Enter waymarking. Most of the locationless caches were moved over to waymarking and now people were free to nab as many as they wanted. I’ve actually seen some really nifty water towers being part of the water tower management group, but I’m not sure I’d really seen a new water tower that was as cool as the one I saw near the stadium. It was situated on the grounds of the Grove Theater and made to look like something out of the 1920s, even though it probably wasn’t more than 10 years old at the most. Having grown up in the O.C. and gone to many Angels games, I knew it was fairly new.

So here I was, looking at this beautiful water tower and thinking to myself, “Self, you can waymark this one. There’s no limit to how many you can do.” So I did. I didn’t get a smiley face like when you geocache, but I got to document something that I find interesting and that’s what I think is the appeal to waymarking. Much like geocaching, you can choose not to find lame lamp post caches if you don’t want, in waymarking, you can choose what categories interest you and then you can waymark to your heart’s content.

I’ve tried to keep my focus of categories small, so I don’t overwhelm myself. I don’t always do waymarks all the time, nor do I always do them every time I see one that’s in one of my categories. Geocaching is still my first choice. But if the mood hits me, I’ll post a waymark or two. I’d done enough caching that Saturday, I’d cleaned out an area and so, the waymark seemed like a perfect way to end the day. In fact, it really wasn’t because once I’d documented that one, I knew of another one about three miles up the freeway, so I decided to head up to that one and get it too. But, just as I was getting on the freeway, my daughter called me saying she had arrived. So I guess it really was the perfect way to end an enjoyable day of caching and waymarking. The nice thing about waymarking is very few of them will get muggled, which means that other water tower will probably still be there the next time I head down into Orange County.

4 comments:

benh57 said...

I've started to post the occasional waymark as well.

I'd do more, but the site is very slow since it hasn't been upgraded yet like gc.com was last year.

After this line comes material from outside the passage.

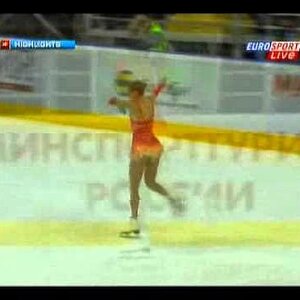 Carolina Kostner - Cup of Russia 2008 FS (Eurosport, British commentary)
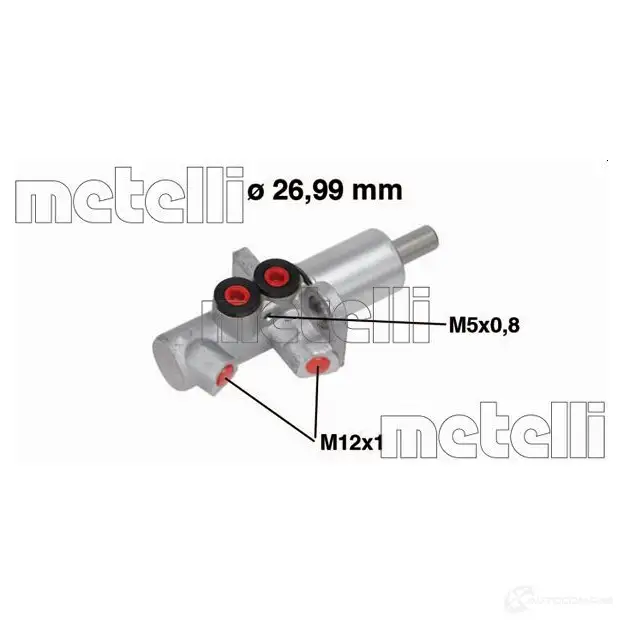 Главный тормозной цилиндр METELLI X SU6NF 05-0733 1208516 8032747050026 изображение 0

http://www.waymarking.com/users/profile.aspx?f=1&guid=11a80676-efc6-4638-a378-857d83431763

Steve Natoli said...

What are locationless and waymarking?

Paul Myers said...

Locationless caches were caches that weren't really anywhere, yet everywhere. They were sometimes called reverse caches. In other words, instead of finding a container, you had to find a thing, but it could be anywhere. One example of a locationless was NPS HQ. Go to a national park, take the coordinates for the headquarters, usually the visitors center, take a couple of pictures and post them to the site. The catch was, you could only log it once and you couldn't log a headquarters that had already been logged. There were all sorts of different things for locationless caches - Yellow Jeeps, American Flags, Lion Statues, and Water Towers.

Geocaching has done away with locationless caches and created waymarking.com. You can do the same thing, only you can log as many national park headquarters as you want at waymarking. At waymarking, you can find one, like a National Flag, take the coordinates, take some pictures and log it there. Someone else can do the same one. You can do more than one. Make sense?

chaosmanor said...

Found a great old water tower up in Diamond Springs, just south of Placerville, right off the 49, on our recent trip. Didn't have time to get the details (and not being the driver, I couldn't "force" the issue ;-), but I took a photo and I'll e-mail it to you. I *did* get info on a water tower south of there that I need to add to the WM system, as well as a couple of CA Historical Markers that weren't in there, yet. I like that category, as well as public sculpture, and fountains. I do the occasional WM, if I think of it at the time. In my mind, it's a poor substitute for locationless and virtual caching, but it's what we have, and until someone decides to do a full website just for those, we have to make what we can of it.